On ne vous en dit pas plus…

Un album plein d’humour à lire et à relire dès 4 ans.

Mais où est-elle ? de Marie Migraine

Une perruque jaune s’envole et pour son propriétaire commence une quête aussi drôle que folle pour retrouver son bien. Ne serait-ce pas ce qu’il cherche là par terre ? Mais non ! Ce n’est qu’un chat, des algues, une serpillère, une bouse de vache ou un fromage coulant… Et lorsqu’il finit par remettre enfin la main dessus, un couple d’oiseaux dont les œufs ne vont pas tarder à éclore y a confortablement installé son nid. Il repart bredouille, chauve et heureux en laissant la petite famille confortablement blottie dans sa moumoute.
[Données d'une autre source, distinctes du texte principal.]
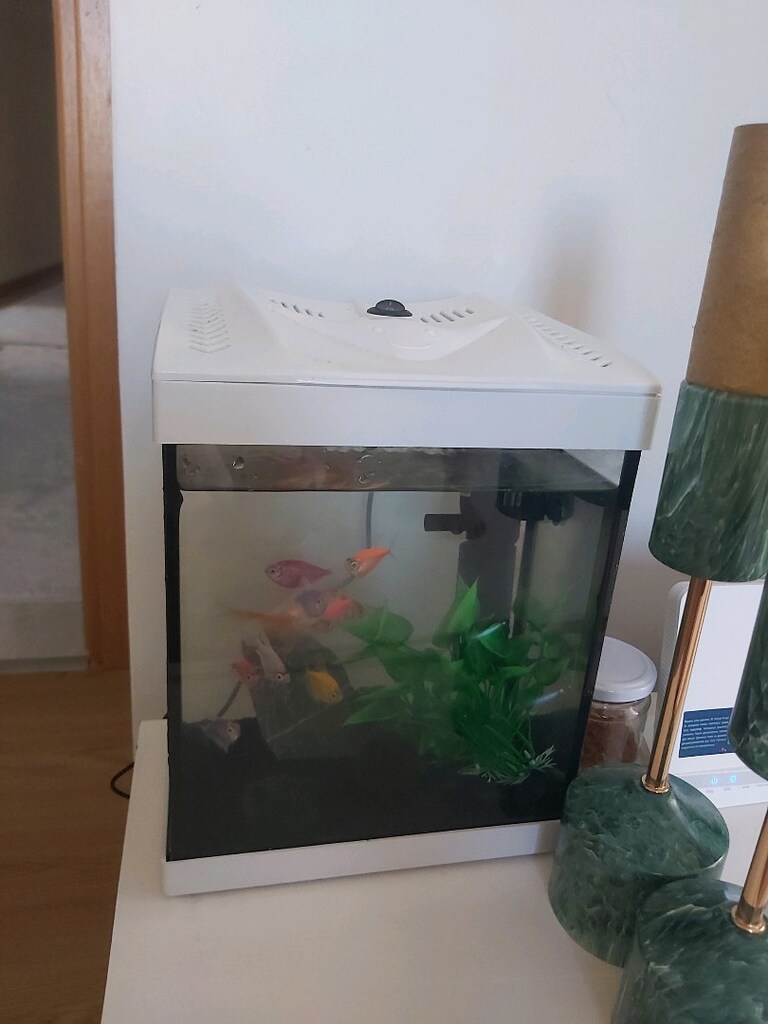 akvaryum genetik tetra - 2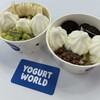 YOGURT WORLD Matsuyama Okaido Ten - 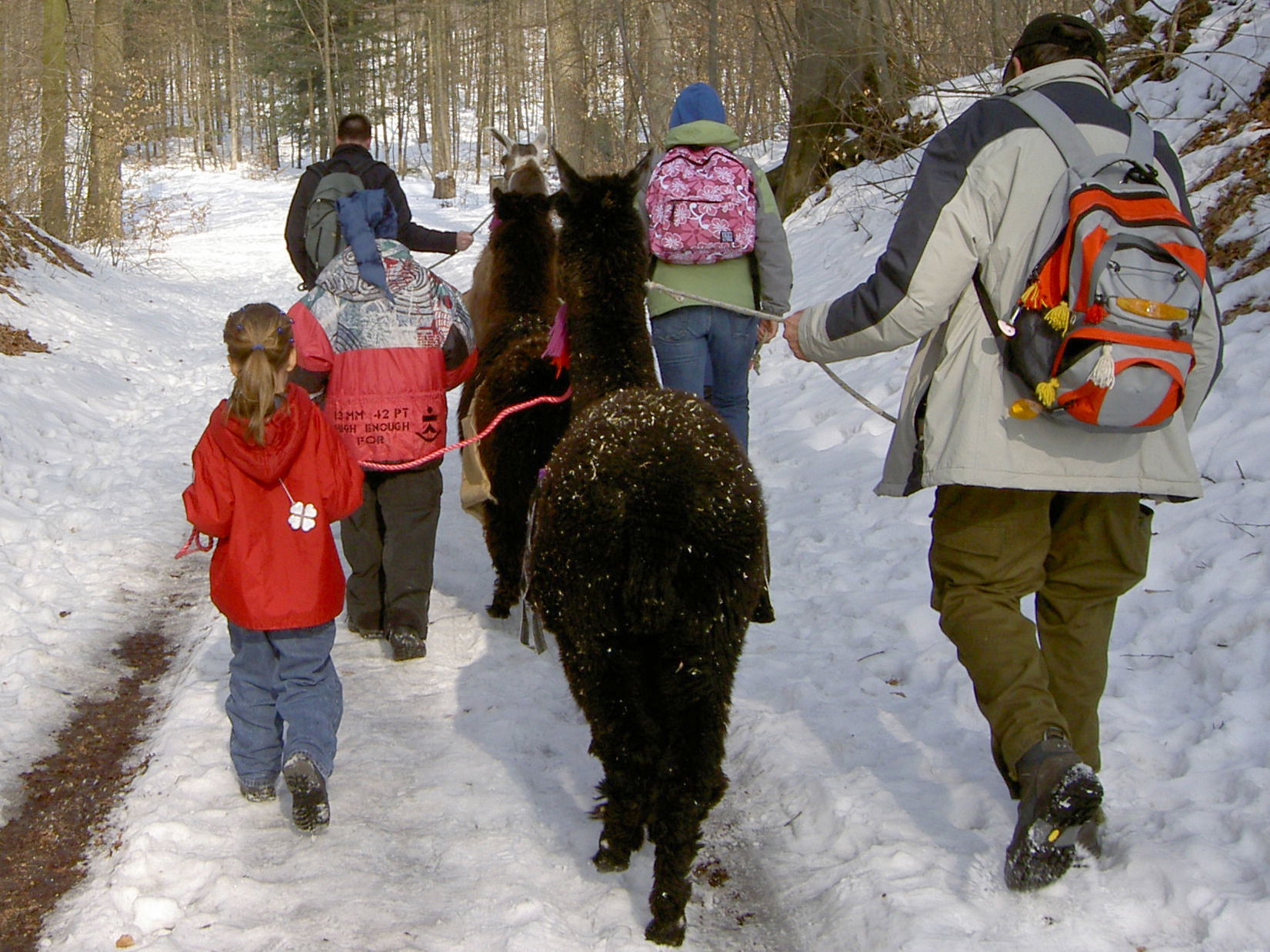 Eine Gruppe läuft beim Minitrekking mit Lamas durch den verschneiten Wald.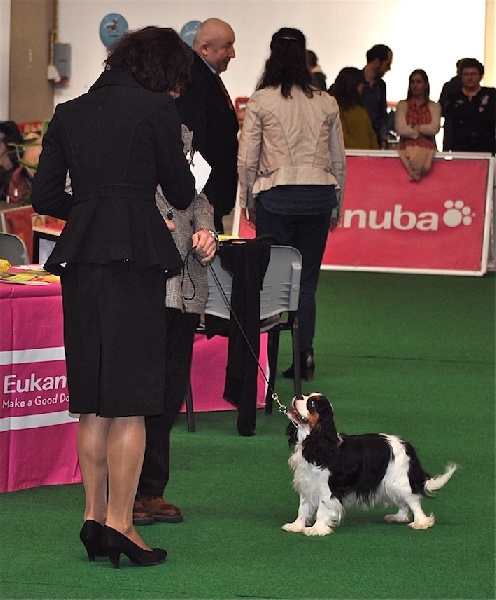 CH. Jr gib sp,ch ib cs gib sp pt ib gone with the wind of Sevijean's - 1st exc junior class, CCJ, best junior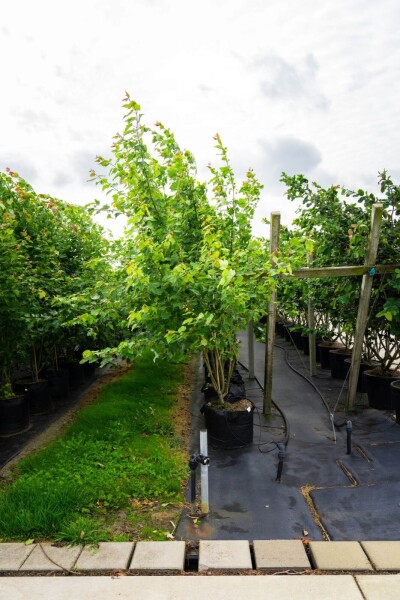 Acer saccharinum cépée 200-250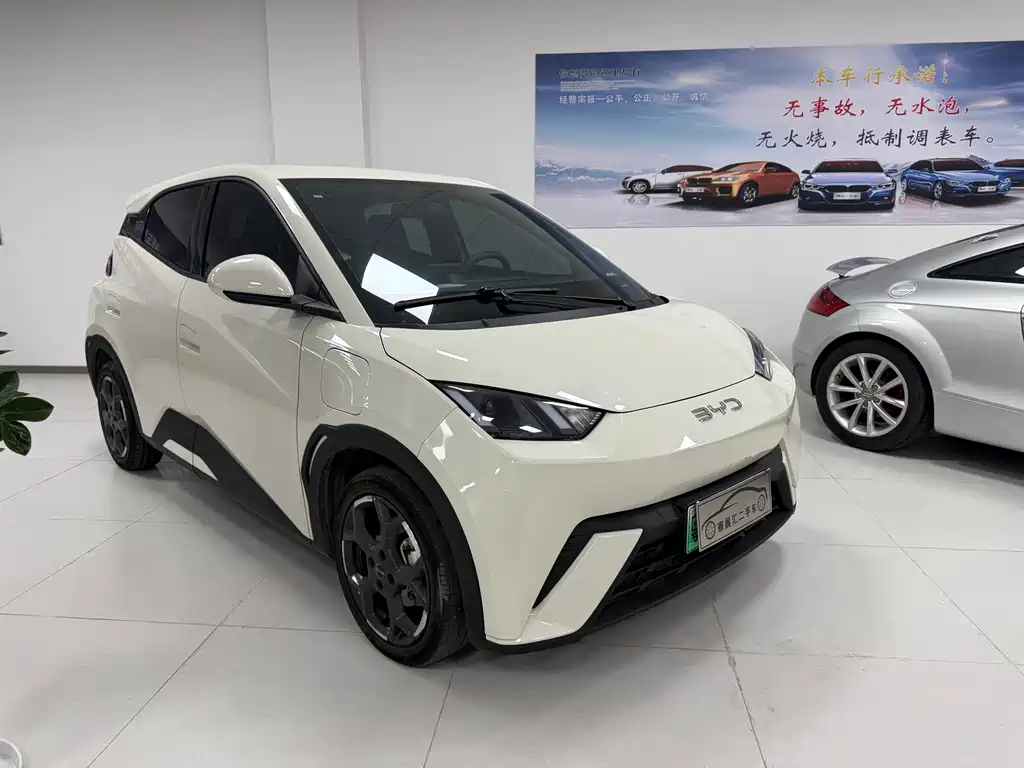 BYD BYD Seagull 2025 305km Vitality Edition 2024 - thumbnail 3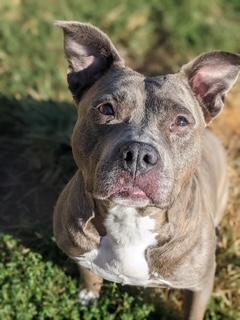Diamond and Cali (Bonded Pair)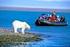 Gli orsi polari delle Isole Svalbard (NORVEGIA)
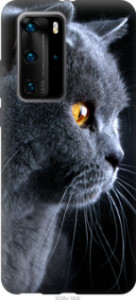 Чехол Красивый кот для Huawei P40 Pro Plus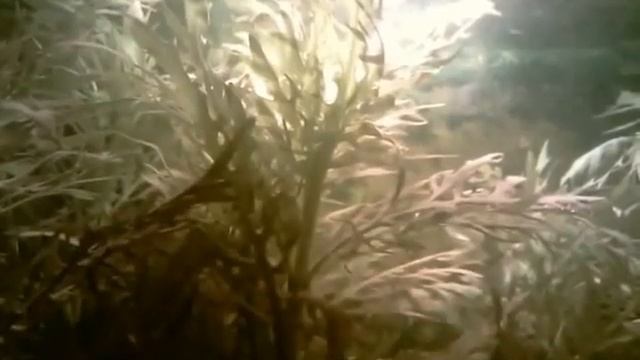 My 16 litre Rasbora Maculata tank смотреть онлайн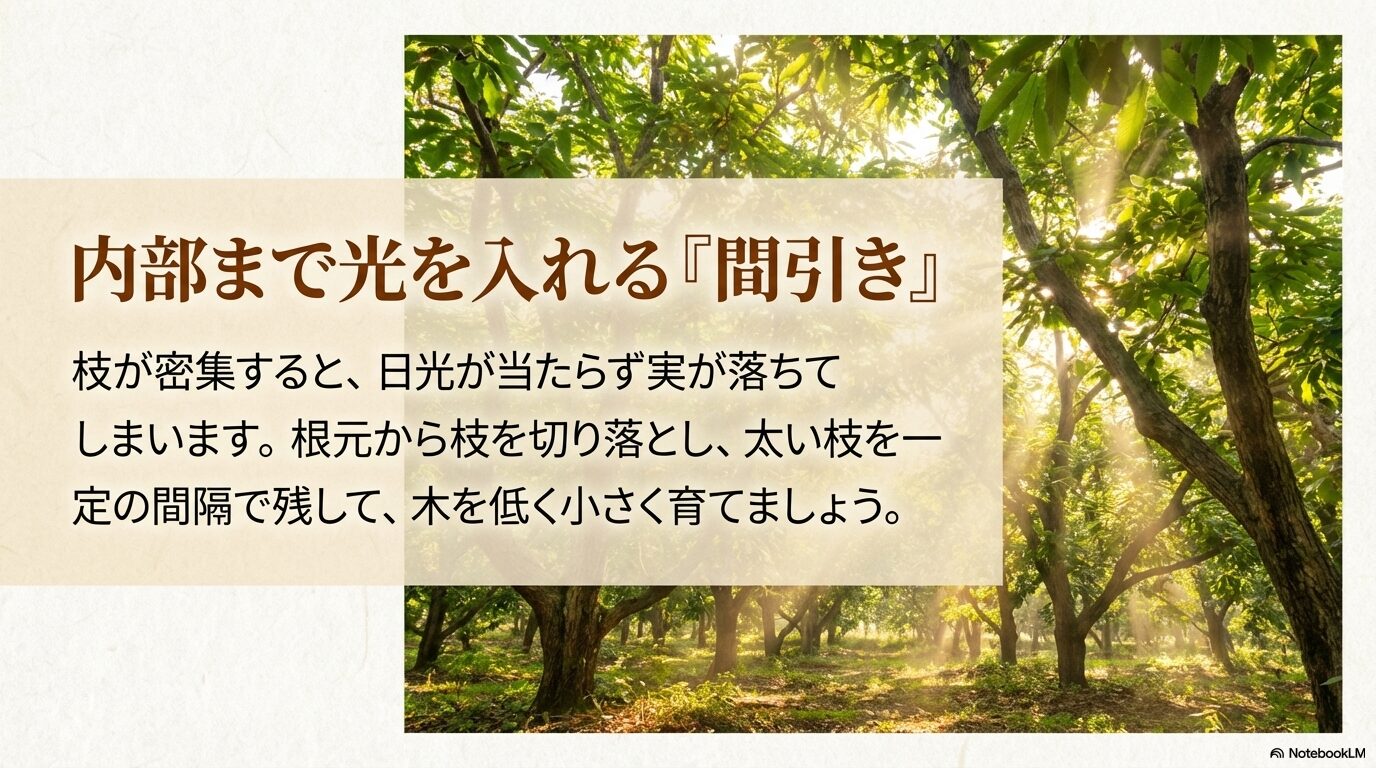 枝が密集すると実が落ちるため、根元から枝を切り落として内部まで光を入れる間引き剪定の重要性を解説するスライド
Un album aux illustrations originales qui joue sur la répétition de page en page d’une saynète bien rodée qui fera rire les petites et les petits.

À partir de 3 ans

Lightfall de Tim Probert

Si tu veux savoir comment Béa et son ami, Cad le Galdurien, vont affronter les crabes géants de la Vallée de Pince, traverser le Temple Maudit, manquer de peu de finir rôtis pour servir de repas à une bande de lézards affamés, sauver un Arsaï et combattre des monstres-tentacules… Lance-toi avec eux dans l’aventure “Lightfall” pour retrouver Grand-père cochon et sauver la planète des serres de l’impitoyable Oiseau Kest !
Une épopée fantastique qui ne laisse pas le temps de s’ennuyer à mettre entre toutes les mains dès 8/9 ans.
Deux tomes d’une BD pleine d’humour et d’aventures parus aux éditions Gallimard Jeunesse et disponibles à la librairie. Vivement le tome 3 pour mettre fin au terrible suspense dans lequel nous laisse les dernières pages de “La dernière flamme” !

En salle de Claire Baglin

Dans un menu enfant, on trouve un burger bien emballé, des frites, une boisson, des sauces, un jouet, le rêve. Et puis, quelques années plus tard, on prépare les commandes au drive, on passe le chiffon sur les tables, on obéit aux manageurs : on travaille au fastfood.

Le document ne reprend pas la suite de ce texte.